After the dom0 reboot and PV guest creation there were following lines present in the `xm dmesg` output:

(XEN) domctl.c:107:d0 getdomaininfo: Domain 0 VCPU #0 found
(XEN) domctl.c:107:d0 getdomaininfo: Domain 0 VCPU #1 found
(XEN) domctl.c:107:d0 getdomaininfo: Domain 0 VCPU #2 found
(XEN) domctl.c:107:d0 getdomaininfo: Domain 0 VCPU #3 found
(XEN) domctl.c:122:d0 getdomaininfo: Domain 0 VCPU count is 4
(XEN) domctl.c:107:d0 getdomaininfo: Domain 1 VCPU #0 found
(XEN) domctl.c:122:d0 getdomaininfo: Domain 1 VCPU count is 1

When I tried to save the guest to the partition with insufficient disk space I was still able to see:

(XEN) domctl.c:107:d0 getdomaininfo: Domain 0 VCPU #0 found
(XEN) domctl.c:107:d0 getdomaininfo: Domain 0 VCPU #1 found
(XEN) domctl.c:107:d0 getdomaininfo: Domain 0 VCPU #2 found
(XEN) domctl.c:107:d0 getdomaininfo: Domain 0 VCPU #3 found
(XEN) domctl.c:122:d0 getdomaininfo: Domain 0 VCPU count is 4
(XEN) domctl.c:107:d0 getdomaininfo: Domain 1 VCPU #0 found
(XEN) domctl.c:122:d0 getdomaininfo: Domain 1 VCPU count is 1

for this iteration of `xm list`. After xen daemon restart there's following output (please note that Domain 1 found line is missing)
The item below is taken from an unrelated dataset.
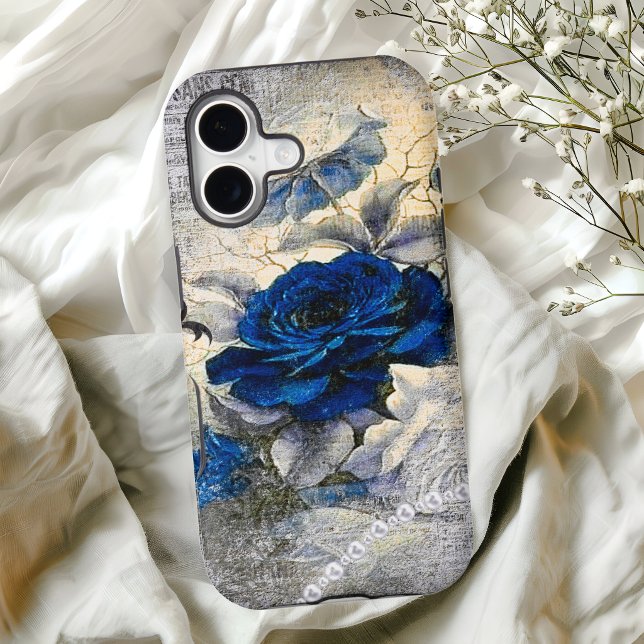 Victorian Dark Blue Rose Ephemera  Case-Mate iPhone Case (Creator Uploaded)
(XEN) domctl.c:107:d0 getdomaininfo: Domain 0 VCPU #0 found
(XEN) domctl.c:107:d0 getdomaininfo: Domain 0 VCPU #1 found
(XEN) domctl.c:107:d0 getdomaininfo: Domain 0 VCPU #2 found
(XEN) domctl.c:107:d0 getdomaininfo: Domain 0 VCPU #3 found
(XEN) domctl.c:122:d0 getdomaininfo: Domain 0 VCPU count is 4

I've been investigating this further and I found that there are not just many occurrences of "Domain 0 VCPU #x found" and "Domain 1 VCPU #0 found" but also 2 occurrences of following line:

(XEN) sysctl.c:51: Allowing physinfo call with newer ABI version

in the middle of those lines.  This line is coming from the common/sysctl.c source file for case the command is XEN_SYSCTL_physinfo although this command is being implemented in the arch/x86/sysctl.c file of the sources so I'm thinking whether there is no reset code or something.

It seems that the reinitialization is done by the XendDomain.instance() from the SrvDomainDir.py:39 so I've been investigating it there and I found out that there is a xen_domains() call right before the Xend stop signal and also right after the Xend start so I've been able to see following:

[2011-03-02 23:37:32 xend 7629] DEBUG (XendDomain:153) xen_domains() with the zombie domain entry
[2011-03-02 23:38:54 xend 7628] INFO (SrvDaemon:190) Xend stopped due to signal 15.
[2011-03-02 23:38:54 xend 8224] DEBUG (XendDomain:153) xen_domains() without the zombie domain entry

Some further investigation will be necessary however I recall the bug 589123 that was about event channel not giving data required to domain destroy leaving the zombie record so I guess this one may be relevant to this one.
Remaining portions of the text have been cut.